Twenty years ago, large-scale engineered negative emission technologies were first considered in creating pathways towards more ambitious climate mitigation targets. This came about by the realization that combining bioenergy with CCS is effectively a negative emissions technology. It was Kenneth Möllersten who laid the foundation for this discovery as he was researching the climate mitigation benefits of combining pulp and paper making with CCS.

I remember Kenneth calling me after we met for the first time at a climate conference in Cambridge asking if he could get double carbon credits for running a pulp mill with CCS. I thought about it and realized that this is a negative emission technology (NET) that would make large scale carbon sequestration way more effective and efficient than large-scale afforestation only – something we studied at IIASA at that time. Immediately we started to generalize the technology and eventually called it BECCS. BECCS would also overcome the thorny problem of permanence of forest carbon sequestration.

A game changer

Kenneth and I decided to immediately write a letter to Science magazine as we were convinced that this was a major game changer for climate mitigation and eventually the setting of ambitious climate targets. We talked to our friends in the energy modelling community Keywan Riahi, Christian Azar and Kristian Lindgren who also immediately saw this new potential and together we created the first scenarios where the global energy system would become carbon negative before 2100.

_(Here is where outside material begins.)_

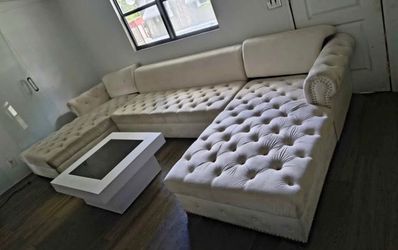 Sectional couch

We provided this information in an IIASA interim report, which never received much attention, but laid a foundation for the forthcoming Science letter. However, in retrospect, these early scenarios were the cradle of the types of scenarios we now see underpinning the Paris Climate Agreement. With these scenarios at hand, we had more confidence and submitted our letter to Science, which was published on October 26th, 2001, only some three weeks after my phone call with Kenneth. We invited several colleagues to join the paper who we knew were also supportive of the idea or, in the case of Peter Read, had floated the idea of negative emissions from BECCS even earlier.

BECCS as a climate risk management option

At that time, there was still a consensus that 450 ppmV appeared as an achievable climate target the world should aim for. There was an emerging pressure from climate scientists that a two-degree target would be a safe target, which through aggressive decarbonization would have been still realistic to achieve at that time. We therefore opted to motivate the preparation of large-scale deployment of negative emissions, through BECCS, as a climate risk management option.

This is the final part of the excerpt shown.